Horney described this stretching between the despised and ideal selves as "the tyranny of the shoulds" and neurotic "striving for glory:" The compliant person believes "I should be sweet, self-sacrificing, saintly." The aggressive person says "I should be powerful, recognized, a winner." The withdrawing person believes "I should be independent, aloof, perfect." And while vacillating between these two impossible selves, the neurotic is alienated from their true core and prevented from actualizing their potentials. Discussion At first glance, it may appear that Horney stole some of Adler's best ideas. It is clear, for example, that her three coping strategies are very close to Adler's three types. It is, of course, quite conceivable that she was influenced by Adler. But if you look at how she derived her three strategies -by collapsing groups of neurotic needs -- you see that she simply came to the same conclusions from a different approach. There is no question, of course, that Adler and Horney (and Fromm and Sullivan) form an unofficial school of psychiatry. They are often called neo-Freudians, although that is rather inaccurate.
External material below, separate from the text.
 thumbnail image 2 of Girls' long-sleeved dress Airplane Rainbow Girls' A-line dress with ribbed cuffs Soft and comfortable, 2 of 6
Unfortunately, the other common term is the Social Psychologists which, while accurate, is a term already used for an area of study. Please notice how Horney's self theory fleshes out Adler's theory about the

differences between healthy and neurotic striving for perfection, and (to get ahead of ourselves a bit) how similar this conception is to Carl Rogers'. I usually feel that, when different people come up with similar ideas relatively independently, this is a good sign we're getting at something valuable! Karen Horney had a couple more interesting ideas that should be mentioned. First, she criticized Freud's idea of penis envy. Although she conceded that it did occasionally occur in neurotic women, she felt strongly that it was not anywhere near to a universal. She suggested that what may appear to be signs of penis envy is really justified envy of men's power in this world. In fact, she suggested, there may also be a male counterpart to penis envy -- womb envy -- in some men who feel envious of a woman's ability to bear children. Perhaps the degree to which many men are driven to succeed, and to have their names live on after them, is in compensation for their inability to more directly extend themselves into the future by means of carrying, bearing, and nurturing their children! A second idea, one that still gets little respect in the psychological community, is self-analysis. Horney wrote one of the earliest "self-help" books, and suggested that, with relatively minor neurotic problems, we could be our own psychiatrists. You can see how this might threaten a few of the delicate egos who make their livings as therapists! I am always surprised at the negative reaction some of my colleagues have to people like Joyce Brothers, the famous psychologist-columnist. Apparently, if you aren't working within the official guidelines, your work is dismissed as "pop psych." The major negative comment I might make about Horney is that her theory is limited to the neurotic. Besides leaving out psychotics and other problems, she leaves out the truly healthy person. Nevertheless, since she does put neurosis and health on a single continuum, she does speak to the neurotic in all of us.